AI relies on tokens to understand the user's prompt and translate it into the result. This input pattern is universal, and it adheres closely to how we communicate naturally as humans. We choose our words wisely because they hold meaning. Think about how different ways of saying "I exited" changes the tone and meaning:
- I departed
- I slinked away
- I escaped
- I drifted
- I bowed out
Words carry meaning in their association too. For example, if I prompt a generator to show me a bear in a city, it will tend to place a brown bear in a generic western city. If I specify that I am asking for a Panda Bear, it will place the bear in China. Why? I didn't ask for a location change. This is an example of the bias inherent in our words. Panda Bears have a cultural association with China, so the AI pulls that connection into its definition of city when placing the bear in context.
Token layering is a technique that combines tokens intentionally in order to refine the AI's understanding of your prompt and the direction of its response. Some tools, such as image generators, initially leaned heavily into the pattern literally, instructing users to list and weight tokens as their primary prompt. This was so popular that sharing compelling Midjourney tokens became a cottage industry.
However, while this is highly effective for creative brainstorming or injecting specific styles and tones through in-painting, it can be difficult for users to grasp new techniques. Even then, it's hard for tokens to fully describe your intent.
Web interfaces appear to converging on an evolved direction that blends an open ended prompt with layered tokens. Take Adobe Firefly for example, which asks you to write what you are looking for while an easy palette on the side of the screen lets you choose from stylistic, structural, and referential tokens. This pattern is also seen in Udio and other music generators.
Tokens can also be collected as a follow up to the initial prompt. Jasper and Perplexity are two notable examples of products that auto-generate follow up questions after the prompt is submitted, which themselves serve as inputs to capture additional tokens. The effect is a system that is progressively trying to better understand the user's intent without it feeling like a burden up front.
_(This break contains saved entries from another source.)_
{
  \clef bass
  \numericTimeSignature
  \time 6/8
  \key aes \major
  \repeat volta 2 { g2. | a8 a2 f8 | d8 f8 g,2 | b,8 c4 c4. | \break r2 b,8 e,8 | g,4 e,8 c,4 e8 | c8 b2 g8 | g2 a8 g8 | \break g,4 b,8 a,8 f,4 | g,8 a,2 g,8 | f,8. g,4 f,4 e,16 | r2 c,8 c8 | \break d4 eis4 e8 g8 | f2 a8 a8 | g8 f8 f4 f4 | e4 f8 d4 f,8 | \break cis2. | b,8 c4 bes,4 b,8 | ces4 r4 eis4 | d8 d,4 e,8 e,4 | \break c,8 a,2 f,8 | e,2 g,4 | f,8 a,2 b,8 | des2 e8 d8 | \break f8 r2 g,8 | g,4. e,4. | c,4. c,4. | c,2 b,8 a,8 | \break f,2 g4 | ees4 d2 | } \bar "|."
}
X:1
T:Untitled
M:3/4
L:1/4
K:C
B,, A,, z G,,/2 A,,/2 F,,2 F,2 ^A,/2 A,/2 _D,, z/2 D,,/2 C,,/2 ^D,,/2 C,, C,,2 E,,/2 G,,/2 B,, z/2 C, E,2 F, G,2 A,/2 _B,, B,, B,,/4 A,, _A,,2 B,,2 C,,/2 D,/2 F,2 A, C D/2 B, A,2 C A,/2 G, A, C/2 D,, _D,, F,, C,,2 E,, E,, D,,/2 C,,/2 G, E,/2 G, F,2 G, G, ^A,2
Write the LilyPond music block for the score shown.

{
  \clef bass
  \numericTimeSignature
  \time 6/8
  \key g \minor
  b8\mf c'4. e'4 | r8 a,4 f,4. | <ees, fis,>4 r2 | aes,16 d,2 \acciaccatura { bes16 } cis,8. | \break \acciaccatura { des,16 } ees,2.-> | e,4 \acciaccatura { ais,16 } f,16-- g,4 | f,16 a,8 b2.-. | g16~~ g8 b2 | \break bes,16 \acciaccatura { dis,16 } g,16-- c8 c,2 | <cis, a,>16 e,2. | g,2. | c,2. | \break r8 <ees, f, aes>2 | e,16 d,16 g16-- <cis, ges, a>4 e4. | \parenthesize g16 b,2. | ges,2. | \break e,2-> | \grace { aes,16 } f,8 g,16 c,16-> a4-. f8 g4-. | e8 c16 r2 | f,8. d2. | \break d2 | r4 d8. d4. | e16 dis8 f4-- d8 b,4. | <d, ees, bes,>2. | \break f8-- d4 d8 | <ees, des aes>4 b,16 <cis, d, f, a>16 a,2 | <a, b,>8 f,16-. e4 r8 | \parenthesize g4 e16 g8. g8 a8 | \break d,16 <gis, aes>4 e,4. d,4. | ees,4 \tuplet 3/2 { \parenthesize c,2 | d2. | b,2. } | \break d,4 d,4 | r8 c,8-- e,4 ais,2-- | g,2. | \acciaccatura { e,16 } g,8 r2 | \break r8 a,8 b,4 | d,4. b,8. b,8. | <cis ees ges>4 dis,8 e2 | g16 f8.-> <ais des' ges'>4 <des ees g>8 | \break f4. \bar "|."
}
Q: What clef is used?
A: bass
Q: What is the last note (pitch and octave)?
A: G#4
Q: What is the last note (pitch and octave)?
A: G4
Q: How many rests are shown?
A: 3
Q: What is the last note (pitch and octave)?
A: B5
Finally, tokens can be introduced as a follow up action to help the user instruct the AI on how to modify its result. In this case, suggestions could be from a set list (as is the case with Grammarly or Notion), or generated automatically from the existing context, as the follow up above does. This method of collecting tokens and additional parameters is another example of how progressive disclosure can be used to decrease the up-front lift on the user.